BEGIN

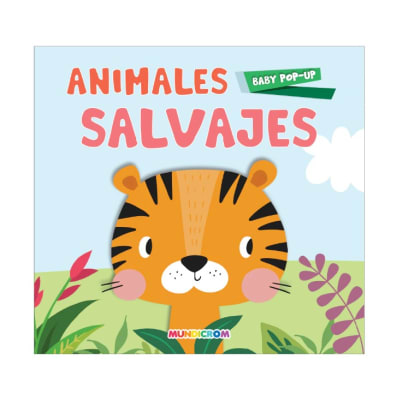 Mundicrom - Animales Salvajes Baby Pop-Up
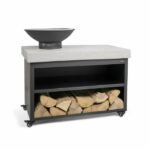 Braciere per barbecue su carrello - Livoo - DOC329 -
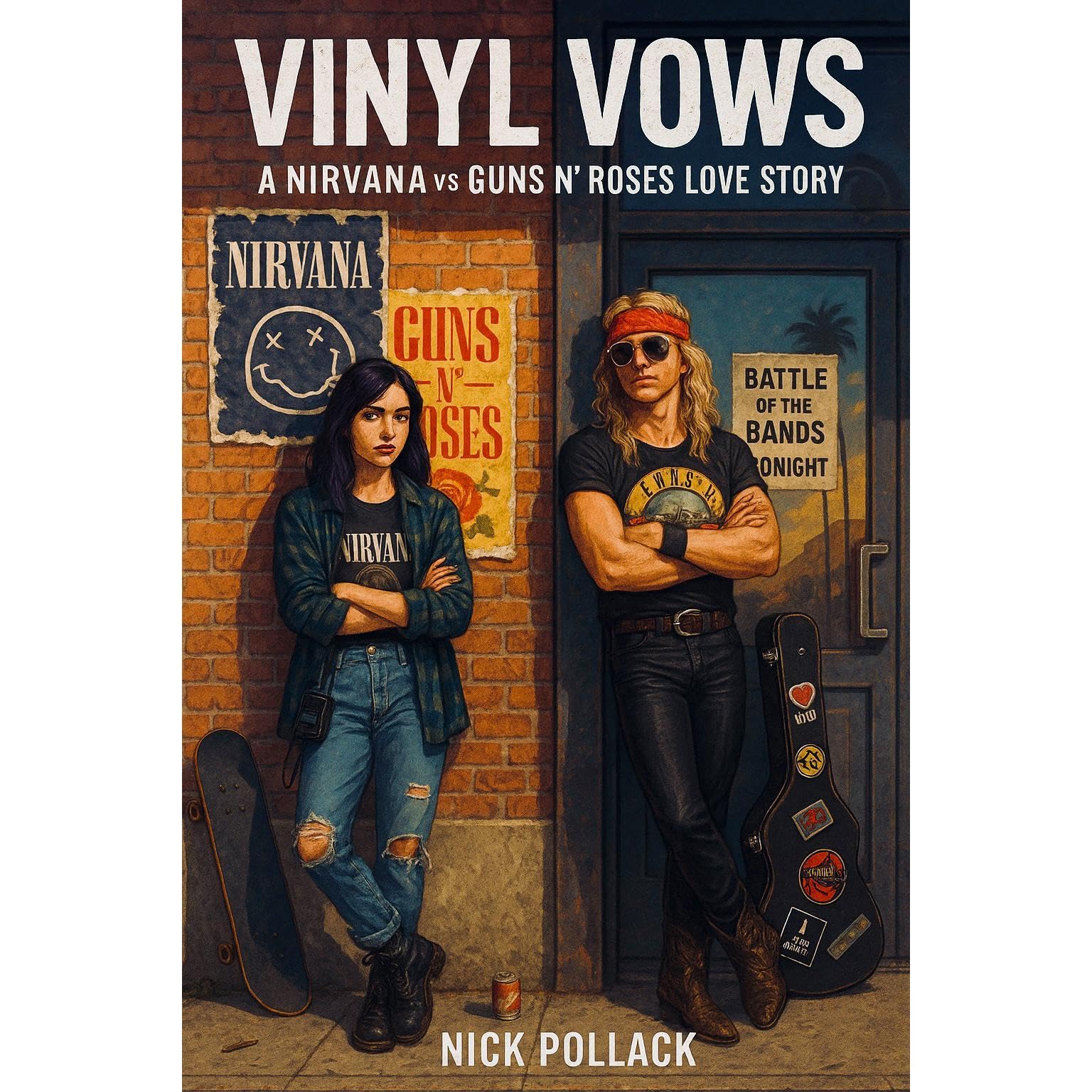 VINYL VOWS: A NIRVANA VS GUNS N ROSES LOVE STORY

END

WHAT IS BEING ASKED
After locating the line with "Braciere per barbecue", transcribe it and the rest of the data above exactly as written, without any picture.

TASK OUTPUT
 Braciere per barbecue su carrello - Livoo - DOC329 -
 VINYL VOWS: A NIRVANA VS GUNS N ROSES LOVE STORY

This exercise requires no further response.